The historical fiction of Pauline Holdstock covers an array of time and place. Her previous novel, Into the Heart of the Country, longlisted for the Scotiabank Giller Prize in 2012, examined life in 18th-century Canada. Her new novel is set in 19th-century France. The Hunter and the Wild Girl resembles the earlier book in that it deals with cruelty and kindness in human nature.
The atmosphere Holdstock evokes is instantly upsetting and creepy: a young girl escapes from a filthy hut where she has been kept captive. She runs for six days. But instead of seeking help, she tries to hide from the inhabitants of Freyzus, the small village she stumbles across. Freyzus was once a bustling mill town, but lack of water has forced the mill to a standstill, and consequently much of the village’s purpose has disappeared.
For her part, the girl – who has been feral for most of her life – is focused on her own hunger and considers all human beings dangerous. When she is spotted, a chase ensues, and the girl leaps into a gorge to evade the dogs and men pursuing her. The villagers, thinking she might not have been carried away by the river, form a search party. The mayor, Raimon Pailhès, takes charge, and a young boy named Felip Maraval is lowered by ropes into the gorge. Felip tells the men that he has found the girl lying on a rock ledge, but when another boy is lowered down, he is unable to locate her. The townspeople conclude that Felip lied, but later that night, they begin to suspect that the feral girl may in fact have been there and somehow managed to flee.
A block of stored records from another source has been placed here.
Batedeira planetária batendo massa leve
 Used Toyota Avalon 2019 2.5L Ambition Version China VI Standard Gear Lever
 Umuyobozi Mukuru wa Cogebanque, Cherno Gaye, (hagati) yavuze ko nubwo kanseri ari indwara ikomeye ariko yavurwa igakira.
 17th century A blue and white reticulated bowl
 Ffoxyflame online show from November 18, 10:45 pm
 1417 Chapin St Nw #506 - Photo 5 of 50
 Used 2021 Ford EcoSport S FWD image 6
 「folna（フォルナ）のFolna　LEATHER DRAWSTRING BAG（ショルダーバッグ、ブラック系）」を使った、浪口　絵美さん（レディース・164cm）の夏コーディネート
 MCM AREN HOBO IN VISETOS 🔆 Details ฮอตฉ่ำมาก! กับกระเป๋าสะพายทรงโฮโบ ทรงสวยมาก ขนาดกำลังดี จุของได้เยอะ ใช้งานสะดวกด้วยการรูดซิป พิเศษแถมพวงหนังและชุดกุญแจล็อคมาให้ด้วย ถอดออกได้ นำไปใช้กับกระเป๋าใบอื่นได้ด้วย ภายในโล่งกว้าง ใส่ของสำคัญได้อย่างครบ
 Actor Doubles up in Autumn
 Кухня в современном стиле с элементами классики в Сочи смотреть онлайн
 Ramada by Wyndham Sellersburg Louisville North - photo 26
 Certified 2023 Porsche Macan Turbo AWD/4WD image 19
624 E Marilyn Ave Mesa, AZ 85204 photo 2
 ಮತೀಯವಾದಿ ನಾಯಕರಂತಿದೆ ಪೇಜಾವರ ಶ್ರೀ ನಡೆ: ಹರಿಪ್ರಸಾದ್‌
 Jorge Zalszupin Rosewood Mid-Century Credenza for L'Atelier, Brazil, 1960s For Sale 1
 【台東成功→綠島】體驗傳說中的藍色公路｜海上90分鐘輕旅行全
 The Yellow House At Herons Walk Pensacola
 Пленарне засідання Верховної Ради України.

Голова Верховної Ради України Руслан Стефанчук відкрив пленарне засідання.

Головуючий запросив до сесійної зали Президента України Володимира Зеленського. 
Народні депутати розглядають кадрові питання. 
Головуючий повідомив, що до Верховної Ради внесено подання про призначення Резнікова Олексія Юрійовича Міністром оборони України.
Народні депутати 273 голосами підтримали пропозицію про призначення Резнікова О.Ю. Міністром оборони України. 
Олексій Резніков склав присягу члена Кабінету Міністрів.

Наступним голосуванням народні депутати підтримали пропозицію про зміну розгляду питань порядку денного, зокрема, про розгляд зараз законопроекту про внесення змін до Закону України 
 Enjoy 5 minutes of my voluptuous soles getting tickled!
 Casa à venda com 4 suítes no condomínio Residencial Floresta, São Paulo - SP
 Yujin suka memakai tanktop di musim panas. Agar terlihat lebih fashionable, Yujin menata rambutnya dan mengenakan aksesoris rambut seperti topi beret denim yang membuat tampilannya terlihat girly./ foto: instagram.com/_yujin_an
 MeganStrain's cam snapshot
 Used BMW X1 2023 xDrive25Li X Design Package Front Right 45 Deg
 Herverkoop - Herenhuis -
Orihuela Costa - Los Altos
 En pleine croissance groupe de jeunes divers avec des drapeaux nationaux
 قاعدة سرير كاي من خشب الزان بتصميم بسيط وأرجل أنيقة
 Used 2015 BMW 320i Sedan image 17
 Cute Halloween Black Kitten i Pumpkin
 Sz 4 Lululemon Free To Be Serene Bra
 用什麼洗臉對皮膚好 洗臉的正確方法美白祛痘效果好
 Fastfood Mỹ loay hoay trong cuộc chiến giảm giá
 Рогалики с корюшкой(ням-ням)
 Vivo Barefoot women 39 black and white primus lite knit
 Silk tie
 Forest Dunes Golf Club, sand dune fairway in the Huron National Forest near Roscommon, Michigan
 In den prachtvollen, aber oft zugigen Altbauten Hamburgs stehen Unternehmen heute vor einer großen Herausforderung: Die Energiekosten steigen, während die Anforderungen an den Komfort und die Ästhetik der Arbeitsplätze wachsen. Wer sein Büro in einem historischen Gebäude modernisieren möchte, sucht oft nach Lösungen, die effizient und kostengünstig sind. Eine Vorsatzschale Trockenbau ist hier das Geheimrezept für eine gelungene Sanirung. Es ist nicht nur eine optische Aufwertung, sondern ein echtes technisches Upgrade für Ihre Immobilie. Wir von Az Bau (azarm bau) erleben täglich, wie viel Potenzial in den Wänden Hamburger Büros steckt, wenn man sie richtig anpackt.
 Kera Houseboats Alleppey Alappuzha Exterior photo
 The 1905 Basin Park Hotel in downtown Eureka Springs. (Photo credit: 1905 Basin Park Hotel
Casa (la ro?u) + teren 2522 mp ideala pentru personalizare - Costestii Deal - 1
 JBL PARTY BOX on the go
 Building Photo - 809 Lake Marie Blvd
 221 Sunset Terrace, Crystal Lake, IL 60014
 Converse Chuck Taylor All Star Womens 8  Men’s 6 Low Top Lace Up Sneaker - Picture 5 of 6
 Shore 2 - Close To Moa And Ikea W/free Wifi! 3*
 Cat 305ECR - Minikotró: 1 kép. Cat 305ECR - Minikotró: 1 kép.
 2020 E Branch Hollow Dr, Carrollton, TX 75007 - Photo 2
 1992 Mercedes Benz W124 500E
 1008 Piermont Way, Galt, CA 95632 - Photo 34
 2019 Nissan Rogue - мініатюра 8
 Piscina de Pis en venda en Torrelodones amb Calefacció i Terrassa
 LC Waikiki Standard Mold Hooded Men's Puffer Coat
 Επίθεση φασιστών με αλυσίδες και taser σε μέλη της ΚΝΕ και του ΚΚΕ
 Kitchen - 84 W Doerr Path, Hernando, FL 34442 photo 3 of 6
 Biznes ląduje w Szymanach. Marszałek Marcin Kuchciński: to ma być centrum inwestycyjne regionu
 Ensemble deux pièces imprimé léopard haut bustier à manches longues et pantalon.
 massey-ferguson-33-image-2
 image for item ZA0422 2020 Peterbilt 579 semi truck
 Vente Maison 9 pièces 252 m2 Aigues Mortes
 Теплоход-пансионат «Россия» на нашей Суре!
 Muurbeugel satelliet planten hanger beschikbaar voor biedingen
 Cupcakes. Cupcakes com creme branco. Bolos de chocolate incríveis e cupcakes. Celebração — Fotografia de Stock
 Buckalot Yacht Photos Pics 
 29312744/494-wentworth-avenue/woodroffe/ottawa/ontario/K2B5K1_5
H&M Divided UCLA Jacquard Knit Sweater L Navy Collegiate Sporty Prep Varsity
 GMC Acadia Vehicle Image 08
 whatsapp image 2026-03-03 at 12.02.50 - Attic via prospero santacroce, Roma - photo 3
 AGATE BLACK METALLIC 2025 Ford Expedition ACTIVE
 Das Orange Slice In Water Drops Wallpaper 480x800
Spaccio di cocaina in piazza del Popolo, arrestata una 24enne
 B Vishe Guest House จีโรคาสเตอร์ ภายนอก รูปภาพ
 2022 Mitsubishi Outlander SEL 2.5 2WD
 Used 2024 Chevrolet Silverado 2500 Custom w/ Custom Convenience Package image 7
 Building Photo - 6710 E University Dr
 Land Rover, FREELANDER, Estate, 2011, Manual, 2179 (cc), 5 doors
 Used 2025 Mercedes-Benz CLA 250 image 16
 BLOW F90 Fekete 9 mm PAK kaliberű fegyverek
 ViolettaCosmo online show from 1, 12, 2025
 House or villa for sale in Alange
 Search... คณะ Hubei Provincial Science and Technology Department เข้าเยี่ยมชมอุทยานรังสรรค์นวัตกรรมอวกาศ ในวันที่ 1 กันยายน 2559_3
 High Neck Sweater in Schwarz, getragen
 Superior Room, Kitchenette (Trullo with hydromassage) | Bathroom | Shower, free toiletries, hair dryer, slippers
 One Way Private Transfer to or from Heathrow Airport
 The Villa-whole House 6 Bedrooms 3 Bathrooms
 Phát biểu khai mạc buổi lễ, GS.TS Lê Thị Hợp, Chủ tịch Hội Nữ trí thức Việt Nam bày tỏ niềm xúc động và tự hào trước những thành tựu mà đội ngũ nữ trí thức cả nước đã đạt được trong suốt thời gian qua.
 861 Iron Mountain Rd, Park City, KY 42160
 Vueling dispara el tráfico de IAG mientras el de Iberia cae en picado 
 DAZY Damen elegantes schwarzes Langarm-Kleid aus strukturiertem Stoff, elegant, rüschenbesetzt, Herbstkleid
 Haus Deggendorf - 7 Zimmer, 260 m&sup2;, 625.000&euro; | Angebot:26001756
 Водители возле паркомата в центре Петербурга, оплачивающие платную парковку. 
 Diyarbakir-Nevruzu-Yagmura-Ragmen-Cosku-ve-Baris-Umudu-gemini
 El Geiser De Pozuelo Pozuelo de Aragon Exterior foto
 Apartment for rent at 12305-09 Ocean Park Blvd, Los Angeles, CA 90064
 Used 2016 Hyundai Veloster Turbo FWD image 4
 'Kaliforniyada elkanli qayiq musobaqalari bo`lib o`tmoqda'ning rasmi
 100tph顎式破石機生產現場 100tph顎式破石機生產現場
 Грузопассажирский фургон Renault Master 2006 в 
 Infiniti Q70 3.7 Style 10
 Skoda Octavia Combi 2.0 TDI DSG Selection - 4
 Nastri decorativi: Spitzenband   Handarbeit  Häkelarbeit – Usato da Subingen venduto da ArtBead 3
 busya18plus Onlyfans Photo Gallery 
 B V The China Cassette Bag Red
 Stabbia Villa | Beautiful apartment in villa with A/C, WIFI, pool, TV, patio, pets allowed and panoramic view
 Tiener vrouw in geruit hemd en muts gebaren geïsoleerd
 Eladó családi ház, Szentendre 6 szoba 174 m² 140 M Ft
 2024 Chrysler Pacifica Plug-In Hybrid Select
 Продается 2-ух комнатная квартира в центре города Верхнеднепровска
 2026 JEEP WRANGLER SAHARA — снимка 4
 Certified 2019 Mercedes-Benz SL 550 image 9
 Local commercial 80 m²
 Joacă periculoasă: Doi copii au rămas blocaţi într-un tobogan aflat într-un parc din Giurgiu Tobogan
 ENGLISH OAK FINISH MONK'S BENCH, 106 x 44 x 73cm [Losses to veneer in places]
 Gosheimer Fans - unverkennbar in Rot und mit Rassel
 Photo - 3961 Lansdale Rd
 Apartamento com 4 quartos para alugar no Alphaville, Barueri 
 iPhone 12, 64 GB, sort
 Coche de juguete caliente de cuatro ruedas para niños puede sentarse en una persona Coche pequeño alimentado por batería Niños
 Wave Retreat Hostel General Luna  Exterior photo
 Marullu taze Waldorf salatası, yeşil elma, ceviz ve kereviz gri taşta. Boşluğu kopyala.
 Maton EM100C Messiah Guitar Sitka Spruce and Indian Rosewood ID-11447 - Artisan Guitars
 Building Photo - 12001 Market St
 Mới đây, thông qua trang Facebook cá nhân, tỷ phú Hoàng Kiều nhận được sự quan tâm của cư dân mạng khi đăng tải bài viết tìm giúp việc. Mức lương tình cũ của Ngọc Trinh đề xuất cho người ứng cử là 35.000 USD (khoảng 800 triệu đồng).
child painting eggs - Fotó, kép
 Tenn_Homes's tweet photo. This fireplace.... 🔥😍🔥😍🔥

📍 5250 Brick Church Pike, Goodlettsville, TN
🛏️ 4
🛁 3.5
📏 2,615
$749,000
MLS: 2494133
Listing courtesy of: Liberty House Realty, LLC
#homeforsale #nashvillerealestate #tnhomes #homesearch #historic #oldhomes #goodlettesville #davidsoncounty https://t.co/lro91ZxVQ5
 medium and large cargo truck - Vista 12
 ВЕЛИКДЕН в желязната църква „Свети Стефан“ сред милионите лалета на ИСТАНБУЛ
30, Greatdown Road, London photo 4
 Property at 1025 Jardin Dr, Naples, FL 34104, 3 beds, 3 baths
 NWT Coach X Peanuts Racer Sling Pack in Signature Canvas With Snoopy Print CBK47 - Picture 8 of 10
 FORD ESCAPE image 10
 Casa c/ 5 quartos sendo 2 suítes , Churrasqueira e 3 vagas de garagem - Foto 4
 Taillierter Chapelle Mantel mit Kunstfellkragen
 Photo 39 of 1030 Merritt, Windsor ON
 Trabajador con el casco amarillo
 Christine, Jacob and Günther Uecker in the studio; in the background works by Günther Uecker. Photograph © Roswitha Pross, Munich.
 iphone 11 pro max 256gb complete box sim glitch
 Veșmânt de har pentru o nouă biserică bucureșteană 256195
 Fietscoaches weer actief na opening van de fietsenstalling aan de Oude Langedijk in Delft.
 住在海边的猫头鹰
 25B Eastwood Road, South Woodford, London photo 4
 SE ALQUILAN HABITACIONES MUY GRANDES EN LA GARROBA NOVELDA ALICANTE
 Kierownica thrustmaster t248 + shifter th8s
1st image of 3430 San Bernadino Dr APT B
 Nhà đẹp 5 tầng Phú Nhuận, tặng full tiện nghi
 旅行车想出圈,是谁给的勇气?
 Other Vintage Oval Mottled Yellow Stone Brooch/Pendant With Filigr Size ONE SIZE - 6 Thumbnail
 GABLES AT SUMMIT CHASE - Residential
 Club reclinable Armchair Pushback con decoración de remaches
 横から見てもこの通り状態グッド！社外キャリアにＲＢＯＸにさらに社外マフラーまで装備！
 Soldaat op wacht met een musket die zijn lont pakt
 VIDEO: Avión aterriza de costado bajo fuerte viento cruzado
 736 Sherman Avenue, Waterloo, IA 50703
By this point, it has become clear that Holdstock is interested in exploring how myths are created and how they affect us. But myth often has roots in reality; the feral child who winds up in Freyzus is undeniably real, and captivates the town’s inhabitants.
On the other side of the river from Freyzus and higher up in the hills stands the decaying Chateau d’Aveyrac. Its sole inhabitant, Peyre Rouff, neglects the building and spends most of his time engaged in taxidermy. Rouff’s attempts to make dead animals appear lifelike are a response to the tragic death of his young son more than 13 years earlier. His wife has left him, and Rouff now lives in self-imposed exile, until he encounters the strange girl.
The third-person narrator moves among various characters in the novel, but the two central figures, Rouff and the girl, are so seriously damaged that it’s a challenge to forge any connection with them. Most of the characters seem either locked in unhappy solitude or forced to reckon with the difficulty of living in a place where privacy is impossible. Holdstock does a terrific job dramatizing this, and conveying the pain that accompanies the loss of a loved one.
She also deals, as in previous books, with issues of class. The chateau was built as a hunting lodge by a wealthy seigneur who lives elsewhere and has stopped returning to his former abode. The problems encountered by the people of Freyzus are the result of the seigneur diverting the town’s water for his own purposes, with no consideration for the effect such action would have on the village. Raimon Pailhès is determined to correct this situation, but as with so many of his attempts at fixing problems, his solutions only cause more problems.
The Hunter and the Wild Girl is not an easy read. The sorrow in the book is nearly relentless. And while Holdstock is gifted at metaphor – particularly those involving flight and freedom – it takes a while to get into the rhythms of the language. The most solid connections are between the girl and the landscape of southern France, and between Rouff and his dead son. Holdstock develops an almost mystical (albeit extremely limited) affiliation between the girl and Rouff, but this verges on the classically romantic. Because so little is known about the girl, and because her behaviour is driven entirely by survival instincts, she seems both literally and figuratively otherworldly and untouchable.
Possibly the most arresting aspect of the novel, apart from the exquisite sense of place, is Holdstock’s implied invitation to consider the essence of a human being. Freedom and connection are essential, the novel suggests, and the bonds that hold us together can also destroy us.